How does an overage work?
Any agreement for an overage will usually define an overage period, as well as the trigger events that may occur to require the additional overage payment to be made. It will also set out how much the overage payment will be and how it will be calculated if it becomes due. An overage obligation may be a one off, in which case a single payment will release the obligation. It can also be secured to ensure that payment is made, for example by taking a charge over land.
An overage can be complex
A recent case illustrated just how difficult it can be to ensure that an overage works for both parties. The case involved the purchase of a property by developer London and Ilford Limited from Sovereign Property Holdings Limited. The agreement included an overage obligation that required the buyer to make an additional payment of £750,000 if approval was received from the local planning authority to develop 60 residential properties on the site. When the approval came through, the seller made a claim for £750,000 from the buyer under the overage obligation.

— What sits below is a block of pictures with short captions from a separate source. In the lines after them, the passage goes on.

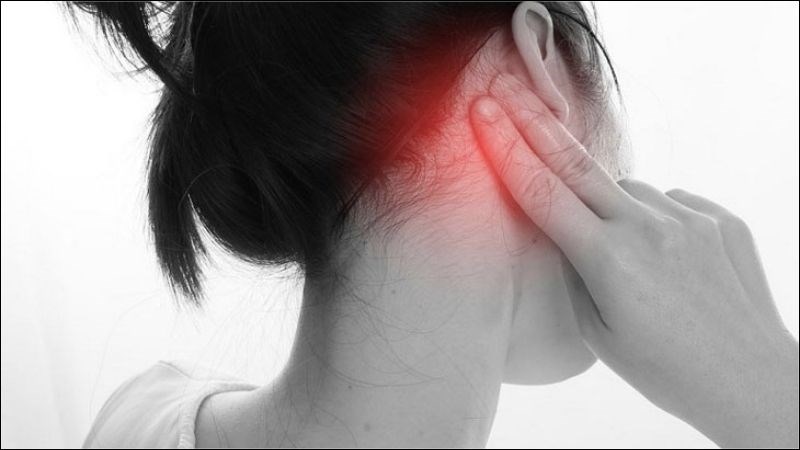 Xạ trị vùng đầu và cổ có thể gây giảm thính lực, viêm tai giữa...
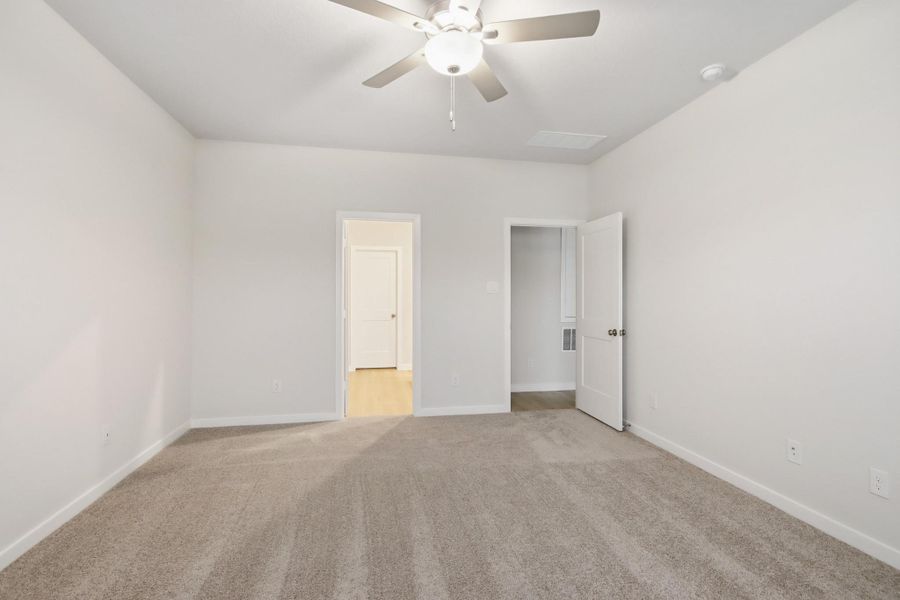 Spacious, unfurnished interior of a new home in Caney Mills, Conroe (Image 18). Spacious, unfurnished interior of a new home in Caney Mills, Conroe (Image 18).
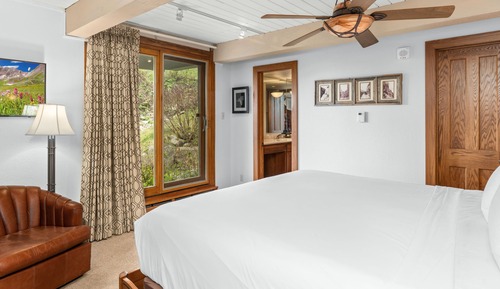 Condo, 3 Bedrooms (Leaf 401)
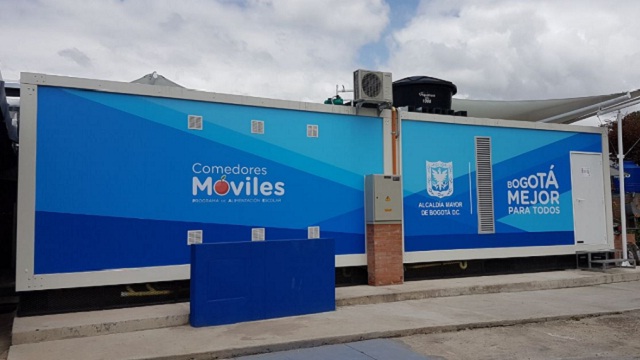 Entrega cocinca móvil colegio Nicolás Esguerra - Foto: Comunicaciones Secretaría de Educación Entrega cocinca móvil colegio Nicolás Esguerra - Foto: Comunicaciones Secretaría de Educación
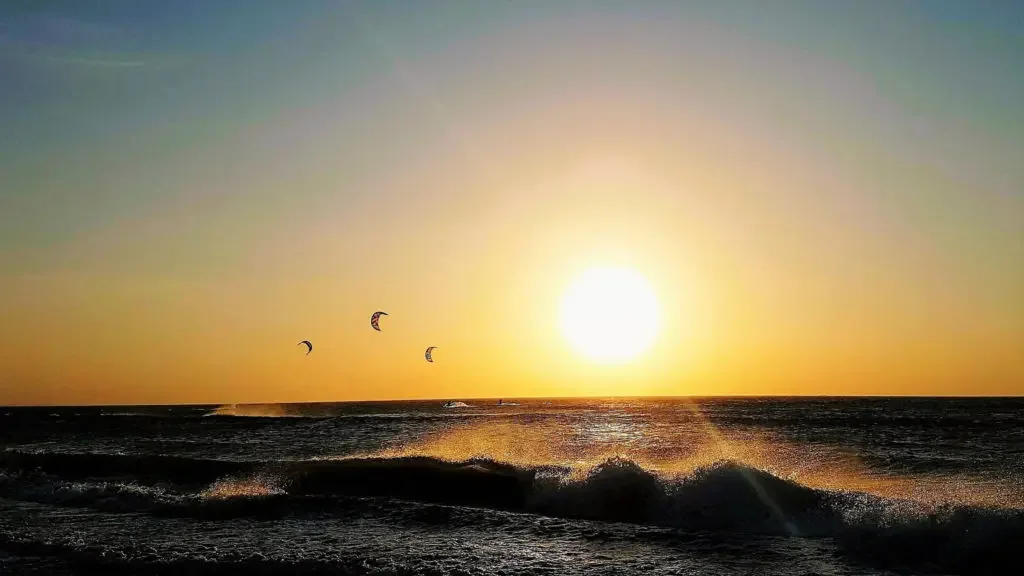 mar ao fim do dia — orla de Fortaleza (horizontal)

However, there was an issue in that the approval that had been received was for 60 flats but building regulations actually made this unlawful as a result of incompatibility with fire escape provisions. The developer refused to make the £750,000 payment, arguing that it had been designed to be paid where there was a commercially valuable benefit. As the full 60 flats could not be constructed, the approval from the local authority was not actually as valuable as previously quantified. However, the courts rejected that argument and agreed that the full payment of £750,000 was required.
Given the potential complexity of issues surrounding an overage, it’s important that these clauses are carefully drafted by experienced commercial property professionals. If so, they can be a useful tool in balancing the interests of both parties.